→ **INFORMATION PROVIDED**
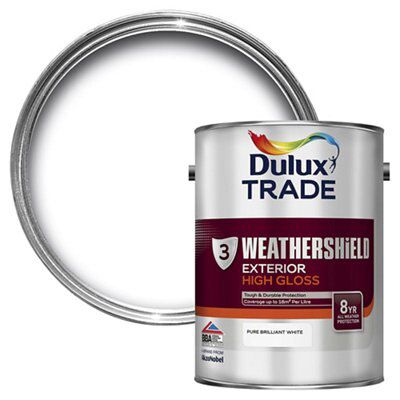 Dulux Trade Pure brilliant white Gloss Exterior Wood paint, 5L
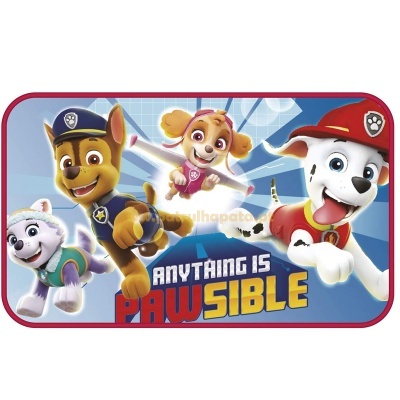 Toalha colorida com personagens da Patrulha Pata e texto 'ANYTHING IS PAWSIBLE'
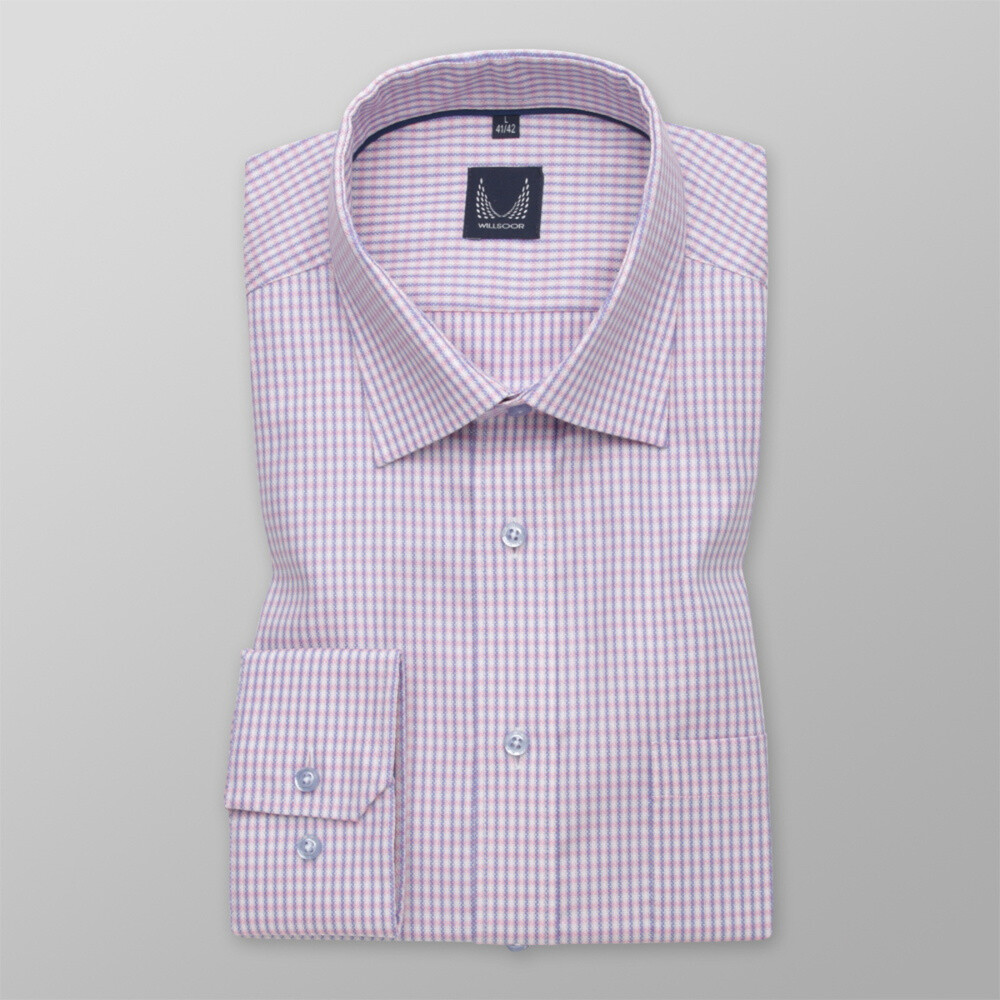 Pánska košeľa Slim Fit s modrým a ružovým vzorom 12342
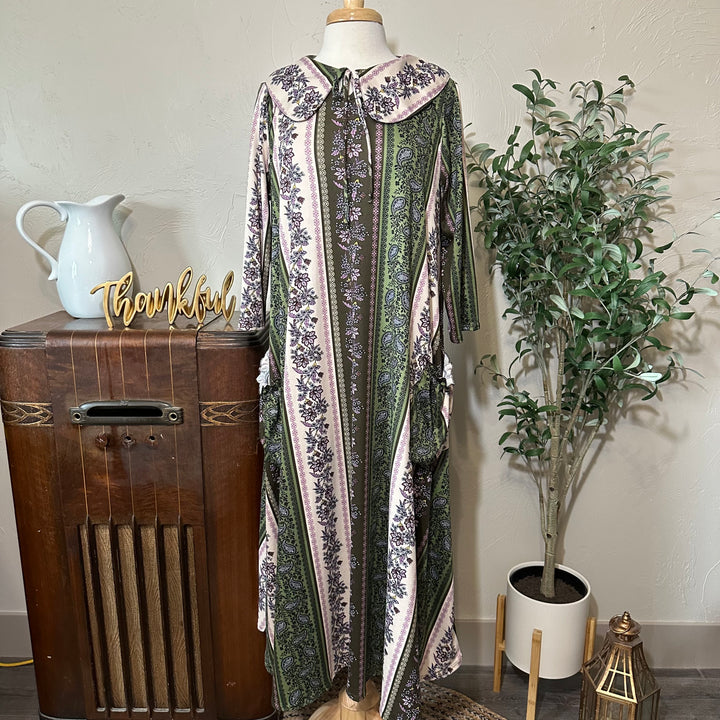 Willa Peter Pan Collar Floral Stripe Dress in green floral, relaxed flowing shape, front view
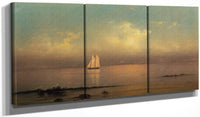 48" x 24" / Split Canvas Becalmed Long Island Sound By Martin Johnson Heade Fine Art Print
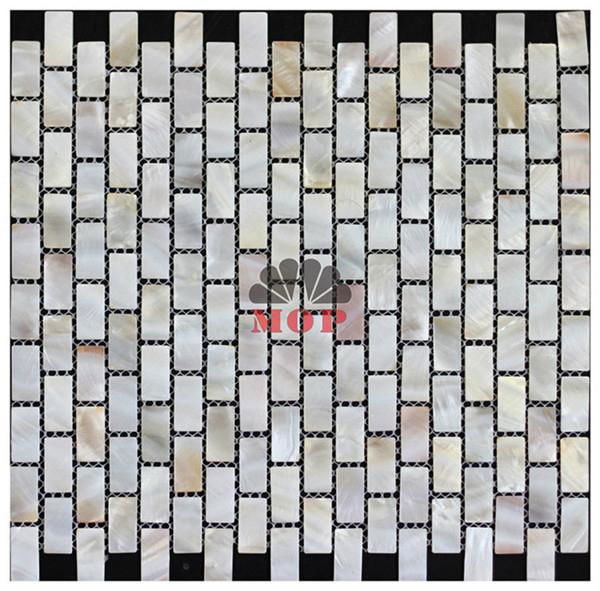 Brick mother of pearl shell wall tile mosaic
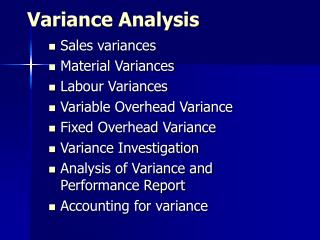 Variance Analysis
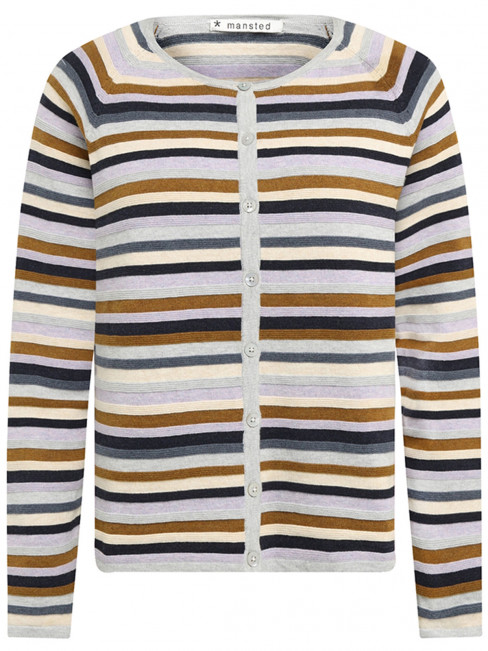 Finstickad kofta ljusgrå från Mansted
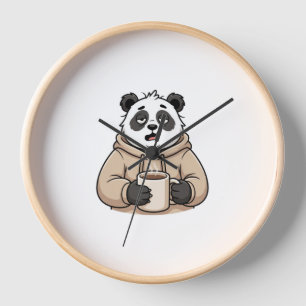 Te moe om te functioneren Panda Koffie Cartoon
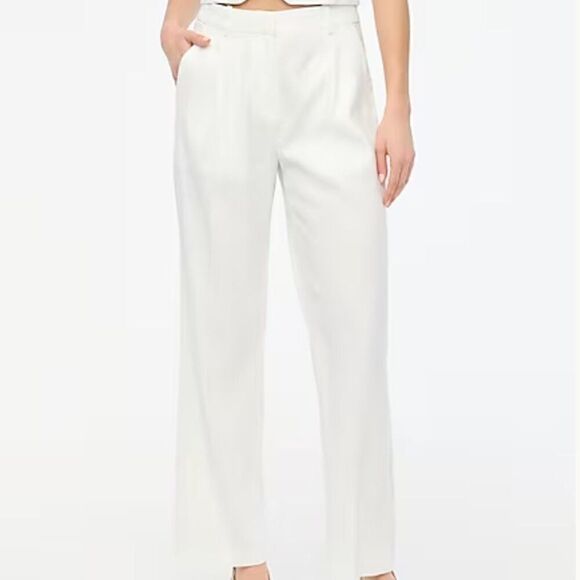 J. Crew Factory Linen-blend wide-leg pleated trouser pant white NWT size 10 - Picture 1 of 8
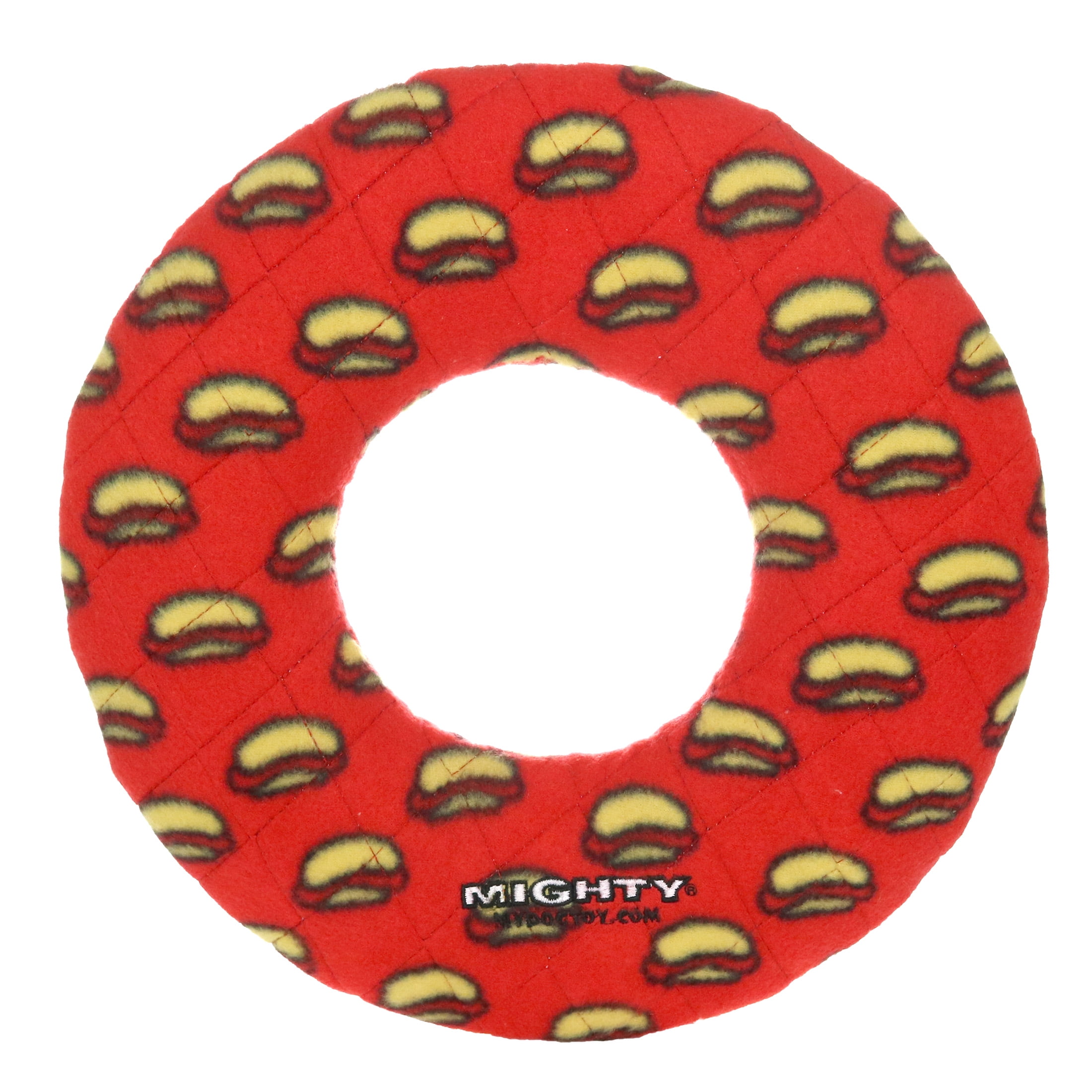 Mighty No Stuff Ring Red Durable Plush Squeaky Dog Toy
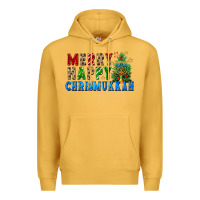 Mustard merry happy chrismukkah Premium Hoodie - FaDigitalArtStudio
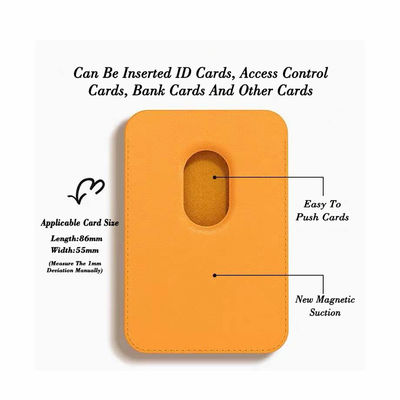 Gold Brown Magsafe Wallet Cases Custom Apple Magsafe Card Holder Business Style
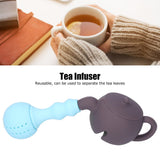 Silicone Tea Infuser Multifunction Teapot Shape Tea Leaf Strainer Filter Brown Sky Blue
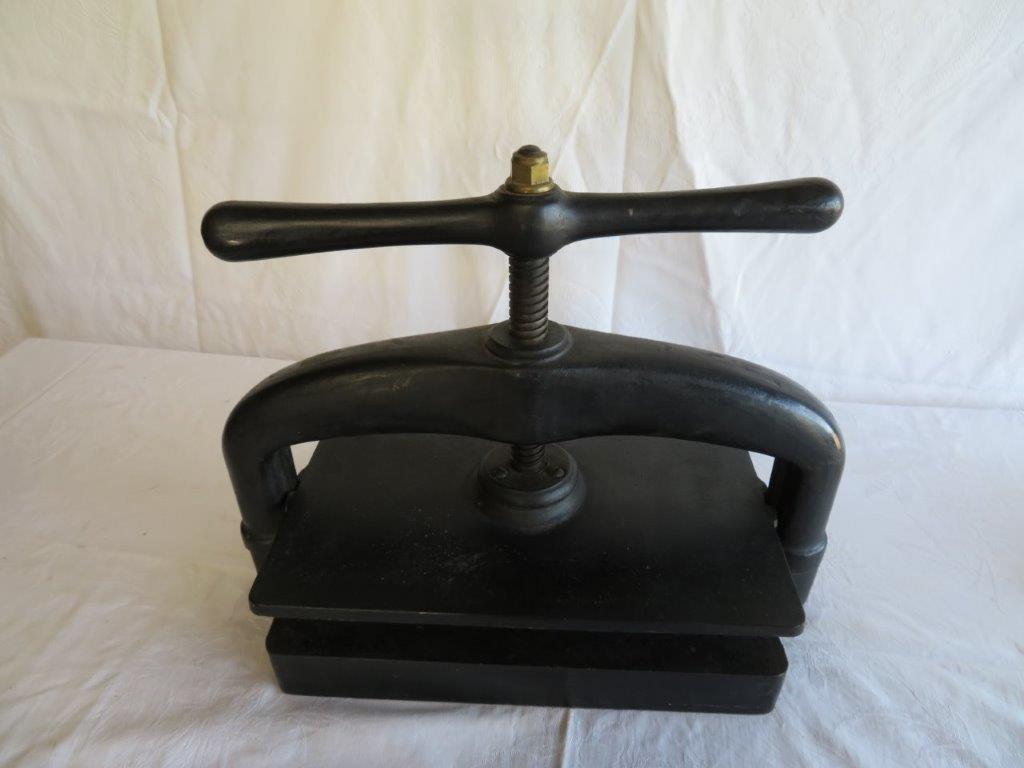 Lot 108 - Large cast iron book press circa 1880 quality D Lions stamp ...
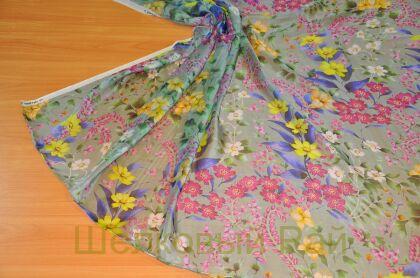 Шифон шелк цветы (д-1212)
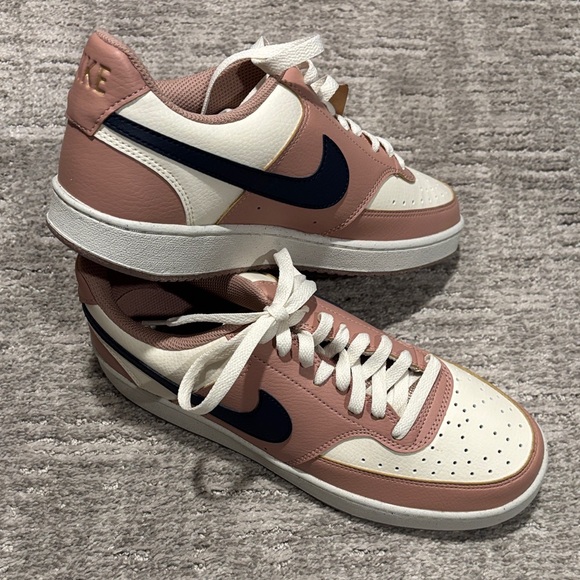 Nike Shoes - Nike Blush and Cream Sneakers with Navy Accent size 10.5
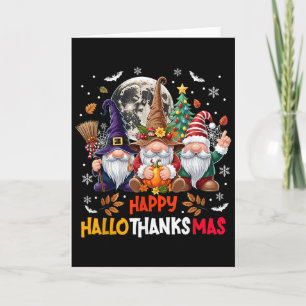 Tomte Hallothanksmas Halloween Tackgivelse Jul Kort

→ **YOUR ASSIGNMENT**
Send back every line above exactly, skipping all pictures.

→ **TASK RESULT**
 Dulux Trade Pure brilliant white Gloss Exterior Wood paint, 5L
 Toalha colorida com personagens da Patrulha Pata e texto 'ANYTHING IS PAWSIBLE'
 Pánska košeľa Slim Fit s modrým a ružovým vzorom 12342
 Willa Peter Pan Collar Floral Stripe Dress in green floral, relaxed flowing shape, front view
 48" x 24" / Split Canvas Becalmed Long Island Sound By Martin Johnson Heade Fine Art Print
 Brick mother of pearl shell wall tile mosaic
 Variance Analysis
 Finstickad kofta ljusgrå från Mansted
 Te moe om te functioneren Panda Koffie Cartoon
 J. Crew Factory Linen-blend wide-leg pleated trouser pant white NWT size 10 - Picture 1 of 8
 Mighty No Stuff Ring Red Durable Plush Squeaky Dog Toy
 Mustard merry happy chrismukkah Premium Hoodie - FaDigitalArtStudio
 Gold Brown Magsafe Wallet Cases Custom Apple Magsafe Card Holder Business Style
 Silicone Tea Infuser Multifunction Teapot Shape Tea Leaf Strainer Filter Brown Sky Blue
 Lot 108 - Large cast iron book press circa 1880 quality D Lions stamp ...
 Шифон шелк цветы (д-1212)
 Nike Shoes - Nike Blush and Cream Sneakers with Navy Accent size 10.5
 Tomte Hallothanksmas Halloween Tackgivelse Jul Kort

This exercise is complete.